Design and Synthesis of Cysteine Proteinase Inhibitors
Rich, Daniel H.   
University of Wisconsin Madison, Madison, WI, United States

This a new medicinal chemistry application designed to determine the structure-activity relationships for a range of cysteine proteinases and to apply these findings to develop new reagents for purifying cysteine proteinases by kcat chromatography. Several of the methods are based on extensive preliminary studies carried out in collaboration with Dr. A. J. Barrett of Strangeways Research Laboratory at Cambridge UK and this collaboration will continue. Computerized molecular modeling will be used to collate the structure-activity data in molecular terms and to guide the design of new inhibitors and new affinity resins. The cysteine proteinases are a class of enzyme, only recently discovered to be involved in many important biological processes. Selective inhibition of certain cysteine proteinases could form the basis for treatments of osteoporosis, arthritis, and other chronic diseases. Specific objectives include: Determine the structure-activity relationships for new peptidyl semicarbazones, aldehydes, and nitriles for inhibition of the following cysteine proteinases: papain; cathepsin B, H, and L; the cysteine proteinase for entamoeba histolytica; and calpains I and II. Synthesize novel cyclic inhibitors that link the P1 and P3 inhibitor side chains to probe the bioactive conformation of these inhibitors when bound to different cysteine proteinases.
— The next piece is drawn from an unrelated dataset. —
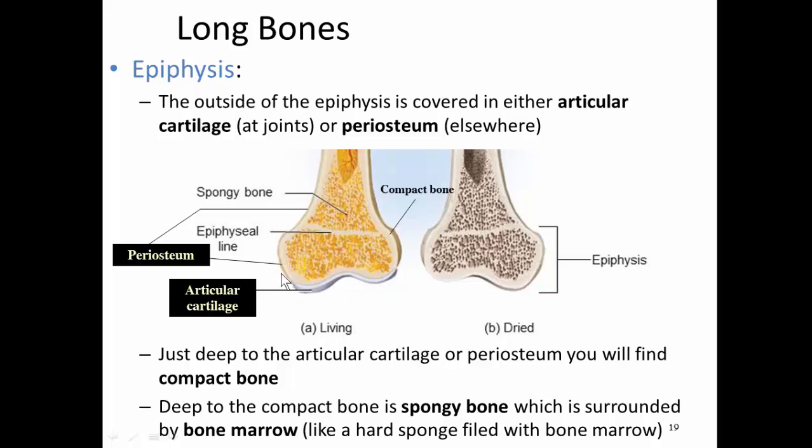You don't need cartilage in the parts of the epiphysis that are not at the joints, so you'll find periosteum — a membrane — lining the outside of the epiphysis in those areas. If you go deep to the periosteum or articular cartilage, you will find a layer of compact bone. Just deep to the compact bone, you'll find spongy bone.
Develop new kcat affinity chromatography resins for purifying the above cysteine proteinases and additional new cysteine proteinases as they are discovered. Synthesize new E-64 and Ep-475 derivatives designed to identify the site of alkylation on the inhibitor by the enzyme by using 13C NMR. Synthesize new types of inhibitors designed to span both the P and P prime (P') binding sites of proteinases. Use computerized molecular modeling methods of X-ray crystal structures of papain, actinidin to evaluate the results obtained and to predict new structures for synthesis. Develop a 3- dimensional model for the human cysteine proteinases, cathepsin B, H, and L, for which X-ray crystal structures are not available.